Does anyone know of any good books or web sites on women establishing/changing careers after motherhood (or on work/life balance) that don't have the premise that you're either a SAHM or were already the CEO of a company before motherhood? I really can't find a lot.
post #32 of 56
Thread Starter 
I guess I should have added that I also have a 2 year diploma in musical theatre presentation...rather useless as an admin assist. I loved the course (it was like going to school at FAME!), but 20K in student loans later, I kinda wish I had gone a different direction
post #33 of 56
I have an American Sign Language Interpreting degree. I work as an engraver. No deaf people here!
post #34 of 56
I have a B.A. in Philosophy. I work as a computer programmer. Explaining my degree inevitably takes up half of any job interview I've ever had.
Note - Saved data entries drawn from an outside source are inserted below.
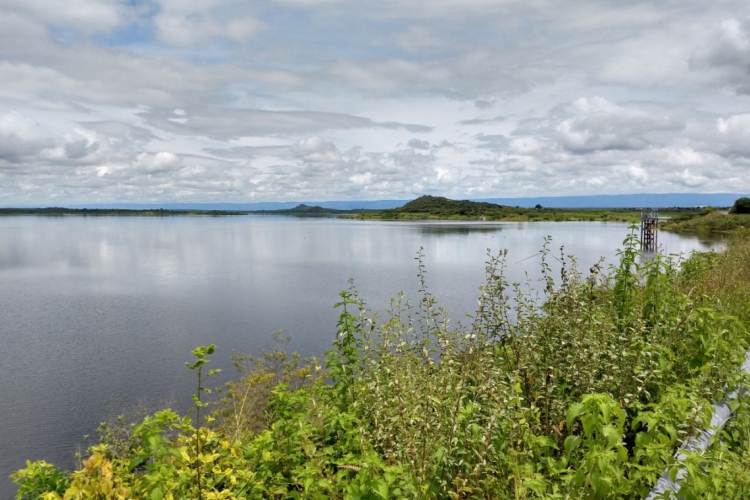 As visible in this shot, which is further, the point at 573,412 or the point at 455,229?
the point at 455,229

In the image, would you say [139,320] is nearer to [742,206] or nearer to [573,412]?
[573,412]

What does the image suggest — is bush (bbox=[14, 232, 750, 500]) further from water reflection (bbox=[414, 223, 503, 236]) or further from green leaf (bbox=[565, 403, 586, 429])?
water reflection (bbox=[414, 223, 503, 236])

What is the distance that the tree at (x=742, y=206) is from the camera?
105 metres

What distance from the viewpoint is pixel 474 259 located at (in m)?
53.5

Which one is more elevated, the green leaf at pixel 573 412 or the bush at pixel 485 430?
the green leaf at pixel 573 412

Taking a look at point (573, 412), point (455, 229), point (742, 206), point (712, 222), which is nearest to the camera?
point (573, 412)

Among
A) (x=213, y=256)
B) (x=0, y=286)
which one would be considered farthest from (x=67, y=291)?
(x=213, y=256)

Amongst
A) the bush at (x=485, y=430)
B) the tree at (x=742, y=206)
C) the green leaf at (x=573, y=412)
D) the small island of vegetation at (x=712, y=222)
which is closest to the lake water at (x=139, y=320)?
the bush at (x=485, y=430)

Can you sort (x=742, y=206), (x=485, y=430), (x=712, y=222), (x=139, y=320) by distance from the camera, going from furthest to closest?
(x=742, y=206) < (x=712, y=222) < (x=139, y=320) < (x=485, y=430)

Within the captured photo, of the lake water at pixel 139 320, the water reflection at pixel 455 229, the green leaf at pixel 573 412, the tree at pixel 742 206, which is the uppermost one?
the tree at pixel 742 206

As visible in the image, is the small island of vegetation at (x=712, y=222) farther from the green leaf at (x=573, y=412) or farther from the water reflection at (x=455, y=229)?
the green leaf at (x=573, y=412)

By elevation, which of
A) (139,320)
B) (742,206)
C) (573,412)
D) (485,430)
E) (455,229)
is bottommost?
(139,320)

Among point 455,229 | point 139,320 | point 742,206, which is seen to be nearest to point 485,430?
point 139,320

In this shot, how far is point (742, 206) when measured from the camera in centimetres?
10706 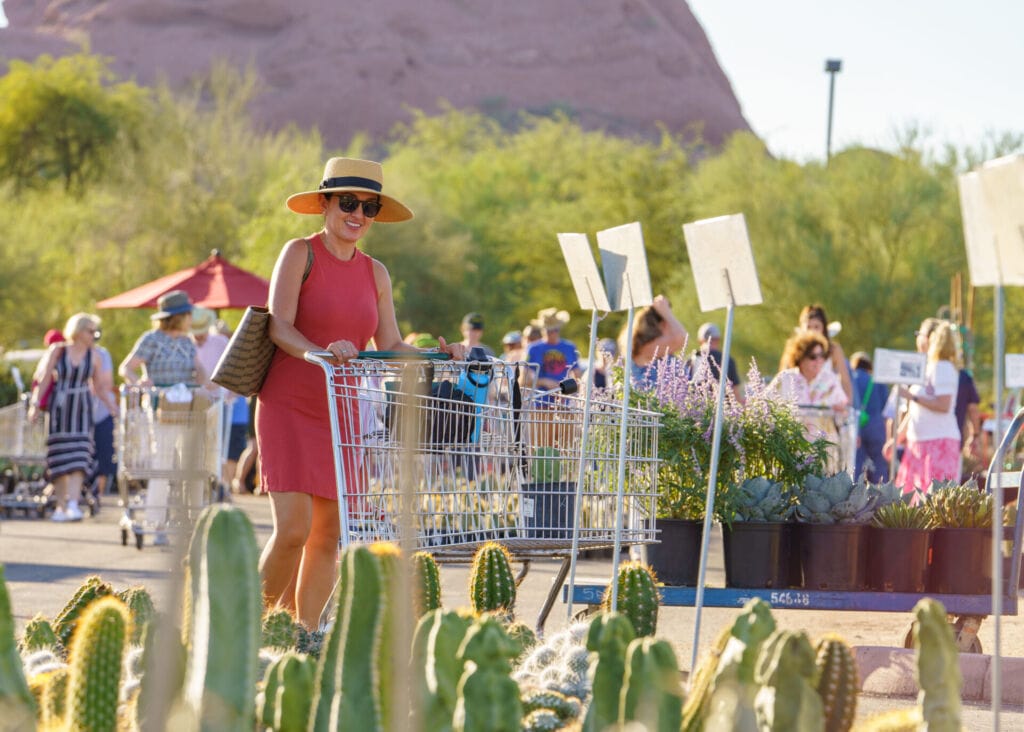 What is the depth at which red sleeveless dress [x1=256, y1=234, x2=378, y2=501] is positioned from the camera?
605 cm

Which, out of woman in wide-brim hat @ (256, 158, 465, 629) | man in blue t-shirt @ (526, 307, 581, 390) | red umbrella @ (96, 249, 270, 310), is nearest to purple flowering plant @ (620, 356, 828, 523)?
woman in wide-brim hat @ (256, 158, 465, 629)

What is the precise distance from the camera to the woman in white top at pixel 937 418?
12141 millimetres

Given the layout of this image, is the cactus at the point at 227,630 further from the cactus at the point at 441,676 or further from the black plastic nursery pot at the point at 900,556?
the black plastic nursery pot at the point at 900,556

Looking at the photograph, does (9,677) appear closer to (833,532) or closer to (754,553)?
(754,553)

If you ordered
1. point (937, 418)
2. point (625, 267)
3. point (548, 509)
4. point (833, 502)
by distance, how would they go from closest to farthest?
point (625, 267)
point (548, 509)
point (833, 502)
point (937, 418)

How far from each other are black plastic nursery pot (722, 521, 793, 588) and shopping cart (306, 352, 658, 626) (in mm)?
→ 397

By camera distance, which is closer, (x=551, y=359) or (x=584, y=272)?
(x=584, y=272)

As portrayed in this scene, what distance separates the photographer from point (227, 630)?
309 centimetres

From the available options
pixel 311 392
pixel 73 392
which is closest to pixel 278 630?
pixel 311 392

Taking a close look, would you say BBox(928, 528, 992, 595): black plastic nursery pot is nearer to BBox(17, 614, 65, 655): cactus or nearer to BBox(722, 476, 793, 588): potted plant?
BBox(722, 476, 793, 588): potted plant

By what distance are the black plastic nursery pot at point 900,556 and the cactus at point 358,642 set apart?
4.06 metres

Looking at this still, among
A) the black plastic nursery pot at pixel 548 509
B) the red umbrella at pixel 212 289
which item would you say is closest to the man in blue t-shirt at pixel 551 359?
the red umbrella at pixel 212 289

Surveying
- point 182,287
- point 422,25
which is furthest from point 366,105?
point 182,287

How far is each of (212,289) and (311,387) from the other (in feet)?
44.1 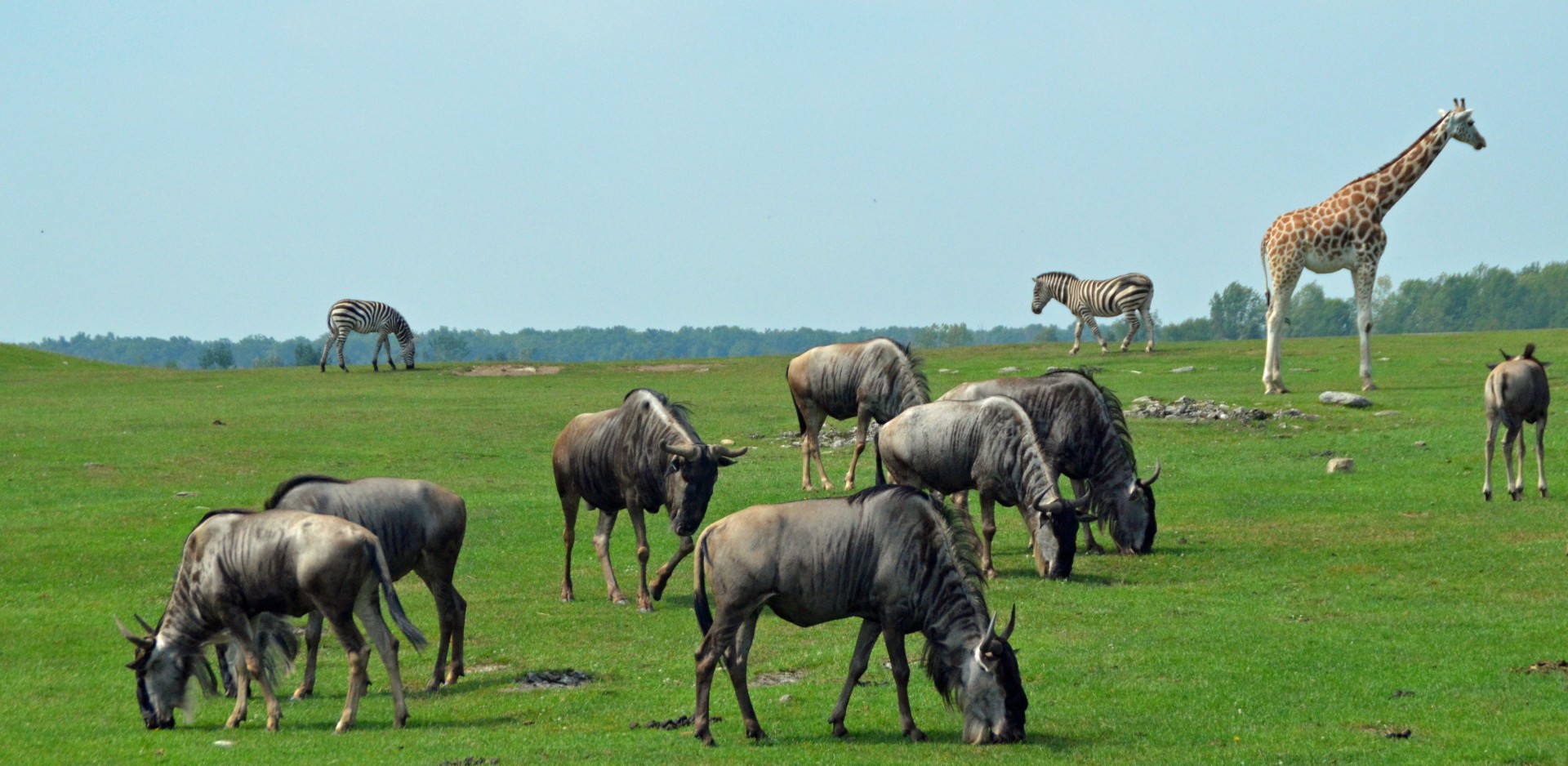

I'm getting a more job-appropriate degree (M.S. in Human Centered Computing) but that's less interesting.
post #35 of 56
I do! I have two "useless" degrees and a part time job I love that I have because of them. I hate the concept of "useless" degrees.
post #36 of 56
I have a masters degree in "educational studies". Which had started out as one in elementary ed, but i sorta quit but wanted to push through and finish the degree... so I switched. It doesn't qualify me to teach (well, maybe in private school), and I don't really want to teach, anyway. I don't work, currently (sorry, came in from new posts), but I really don't know what i could possibly do with it except maybe educational research via a phd, which I'm not interested in either.
post #37 of 56
I have a degree in biology, with no specialty or anything. I could work in a lab...BORING! I was going to go to med school, but decided against it.

Shoulda been a nurse.
post #38 of 56
I don't know about useless but I want to change fields--

Have a AA in Accounting, AS in Liberal Arts, BS in Accounting and was 5 classes short of getting my Masters in Accounting, have passed the CPA exam but not licensed because I haven't worked under a CPA.

I had a job that I loved (in Accounting) but now have a job I hate(in Accounting)....it's tough working these days when you know how it is to love a job...

Being an extreme introvert, I find it hard to get jobs paying the salary that I know someone else with my eduction could get easily.

I wish I could get into a field that is more 'introvert friendly' or WAH....feel free to toss me suggestions...I actually wish that I could write...

Thanks!
post #39 of 56
How about a Master's degree in Early Childhood Education? It makes me so ridiculously over qualified to teach preschool. I could make $12 an hour with it, awesome! The only thing it is good for is getting to a PhD program at this point....
post #40 of 56
Bachelor's in philosophy.

I want to go to law school (or something).